Con su alma sola en el tiempo

Un oscuro viaje interior a través de las tinieblas. “Una temporada en el infierno» («Une saison en enfer») fue la única obra que Rimbaud decidió publicar antes de que extrañas aventuras ganaran su camino a partir de ese momento. Rimbaud desobediente, sublevado y anarquizante, el poeta entusiasta por la literatura, y para el que no había más Dios verdadero que Baudelaire –eran sus palabras-. Rimbaud `místico en estado salvaje`, según el católico Claudel. Amigo de Verlaine, bohemio, bebedor y homosexual.

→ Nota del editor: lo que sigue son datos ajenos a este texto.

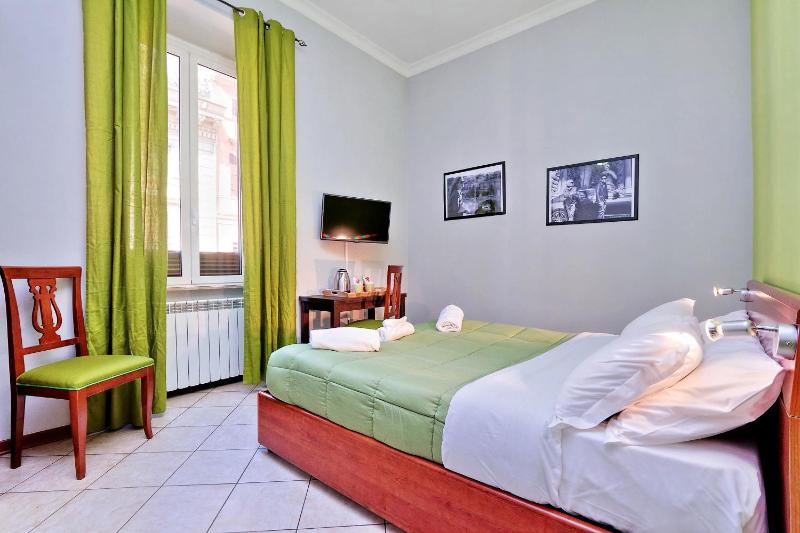 Comfort Triple Room image 4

“Une saison en enfer» fue el único libro que consintió en publicar. Todo Rimbaud está en él, con su cadencia sacudida y su alocada sintaxis como queriéndonos decir todo de forma atropellada. Rimbaud comienza por la cólera y por la injuria. De su alma, es lo que viene ante todo a nuestro encuentro. Es lo que debemos tolerar en primer término, si queremos acercarnos a él. Imposible comprenderle si se vacila ante ese raudal de insultos, si se procura eludirlo. Porque, tal como un gran río se anuncia hasta en alta mar por el fango, Rimbaud es inherentemente precedido por esa inmensa suciedad. Donde no reconoce nada digno de respeto; donde está absolutamente desprovisto de miramientos.

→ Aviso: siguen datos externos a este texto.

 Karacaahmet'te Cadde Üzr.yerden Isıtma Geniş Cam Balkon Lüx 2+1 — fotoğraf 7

En fin, no encuentra nada ante lo cual exista alguna razón de reclinarse. Y con su alma sola en el tiempo. Atravesada por el soplo desértico de la libertad total. «Me horrorizan todos los oficios. Amos y obreros, todos campesinos, innobles. La mano que sostiene la pluma vale tanto como la que ara. ¡Qué siglo de manos! Yo nunca dominaré mi mano. La honradez de la mendicidad me entristece. Los criminales asquean como castrados: yo, estoy intacto, y eso me da igual», escupe en el capítulo “Mala sangre”. Escrito bajo la influencia del hachís el poeta deja un claro testimonio del desprecio que siente por la humanidad.
«Antaño, si mal no recuerdo, mi vida era un festín en el que todos los corazones se abrían, en el que todos los vinos se escanciaban.

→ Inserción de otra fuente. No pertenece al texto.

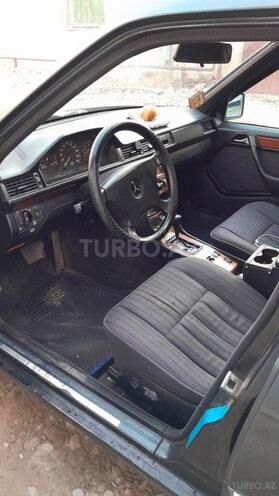 Mercedes E 230 1991, 523,200 km - 2.3 l - Gəncə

Una tarde, me senté a la Belleza en las rodillas. – Y la encontré amarga. – Y la cubrí de insultos.
Me armé contra la justicia.
Escapé. ¡Oh brujas, miseria, odio: a ustedes se les confió mi tesoro!
Logré que se desvaneciera en mi espíritu toda la esperanza humana. Sobre toda alegría, para estrangularla, salté como una fiera, sordamente.
Llamé a los verdugos para, mientras perecía, morder las culatas de sus fusiles. Llamé a las plagas para ahogarme en la arena, en la sangre. La desgracia fue mi dios. Me tendí en el lodo. Me dejé secar por el aire del crimen. Y le hice muy malas pasadas a la locura.
Y la primavera me trajo la horrorosa risa del idiota.
Ahora bien, últimamente, habiendo estado a punto de soltar el último ¡cuac!, se me ocurrió buscar la clave del antiguo festín, en el que había, quizá, de recobrar el apetito.
La caridad es esa clave. – ¡Semejante inspiración demuestra que todo fue un sueño!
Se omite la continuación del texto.